C’est la rumeur qui empoisonne l’après incendie de Saumos, à l’origine des sifflets ayant accompagné la récentes visite du premier ministre au Porge, poussant ce dernier à promettre une totale transparence sur le déroulé des opérations. Aussi Marc Vermeulen, contrôleur général du SDIS (services départemental d’incendie et de secours) l’a-t-il à nouveau rapidement l’infirmée ce mardi 25 août, avec « un maître mot, la transparence » :
« La commune du Porge n’a pas été abandonnée, affirme le chef des pompiers de la Gironde. Il y a eu une montée en puissance du dispositif, avec différentes phases et différents moyens en fonction de l’intensité du feu. »
« Épicentre du phénomène »
Des graphiques présentés aux élus locaux à la préfecture de la Gironde, puis aux médias, illustrent ainsi que la défense du Porge n’a pas été délaissée au profit de celle de Lège-Cap-Ferret. Le 22 juillet à 20h, huit heures après le départ du feu, 72 engins incendie sont déployés au Porge, aucun à Lège.

Alors que les flammes se rapprochent de la presqu’île, le dispositif s’accroit le lendemain matin pour protéger celle-ci, avec à midi 75 engins contre 113 au Porge.
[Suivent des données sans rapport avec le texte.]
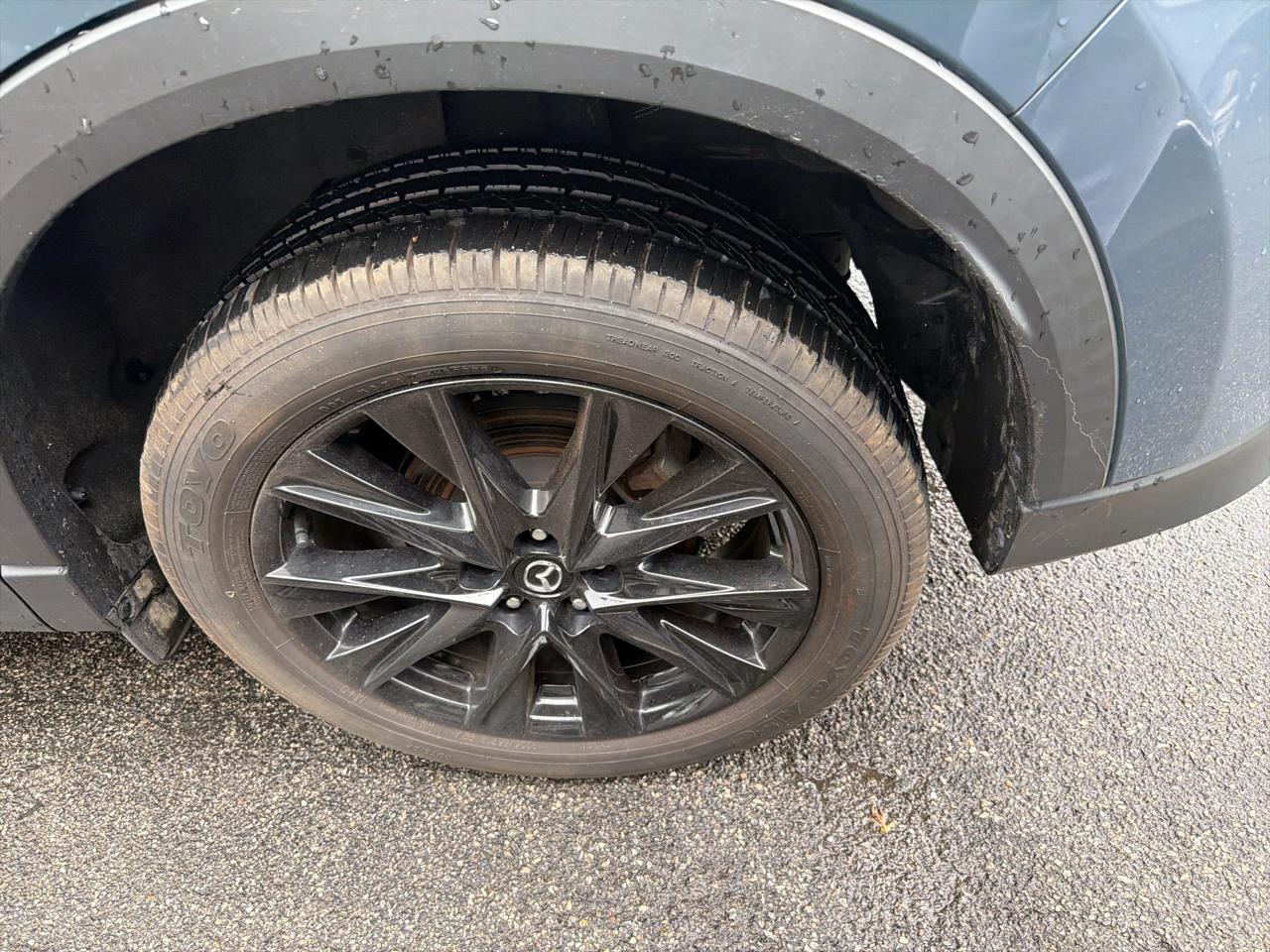 Mazda CX-5 2.5 S Carbon Edition AWD 2023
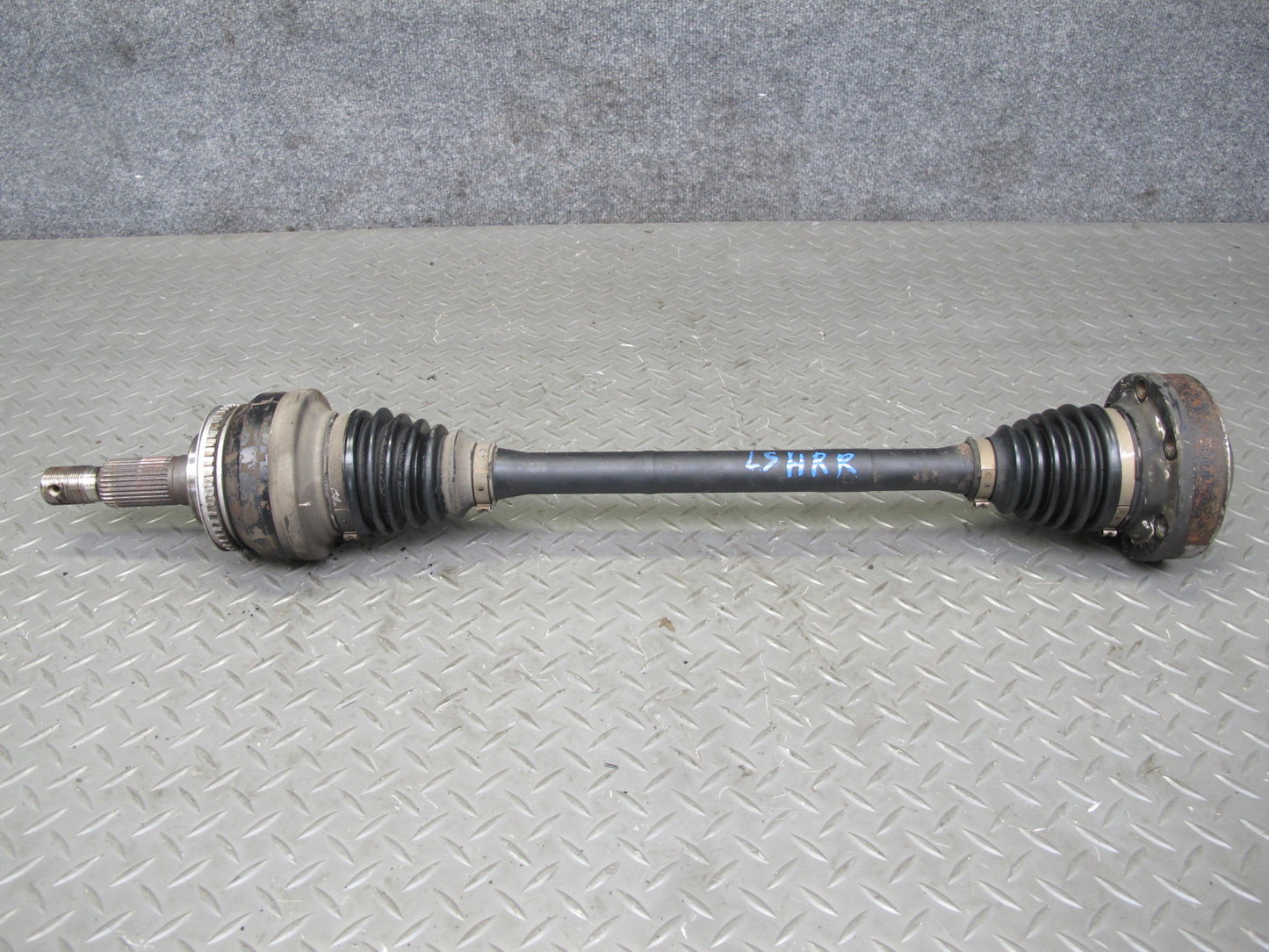 98-00 Lexus UCF20L LS400 RWD Rear Right Suspension Axle Shaft OEM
Ce n’est que le 23 juillet à 18h que les moyens sont plus importants à Lège (101 engins contre 99). Dans cette journée du jeudi, la surface détruite était passée de 1900 hectares à 5000, et l’incendie devenu « un mégafeu, avec presque 12000 hectares brûlés le vendredi à 10h », poursuit le chef des pompiers de Gironde.
Et Le Porge, poursuit-il, est « l’épicentre du phénomène » : « Le feu y est passé 3 fois », brûlant jusqu’à 150 maisons le vendredi, lors de la création du premier pyrocumulonimbus, l’orage de feu. « Une bascule dans l’inconnu puisque l’incendie d’une puissance de 150 mégawattheures va brûler l’équivalant de 70 terrains de rugby à la minute » lors de cette journée du 24 juillet. Un « couloir d’avalanche » qui s’est dirigé vers l’est, poussant à l’évacuation des communes au sud ouest de l’agglomération bordelaise.
Les moyens ont alors progressivement à nouveau augmenté au Porge, avec 109 engins le vendredi à minuit, 148 à 6h, et 173 à midi, pic du dispositif. A Lège, ils sont aux mêmes heures 88, 142 et 140. Autre indicateur de la présence équilibrée des secours, les bâtiments exposés au feu et les secteurs défendus ont représenté 1533 bâtiments de plus de 20m2 au Porge, et 1345 à Lège.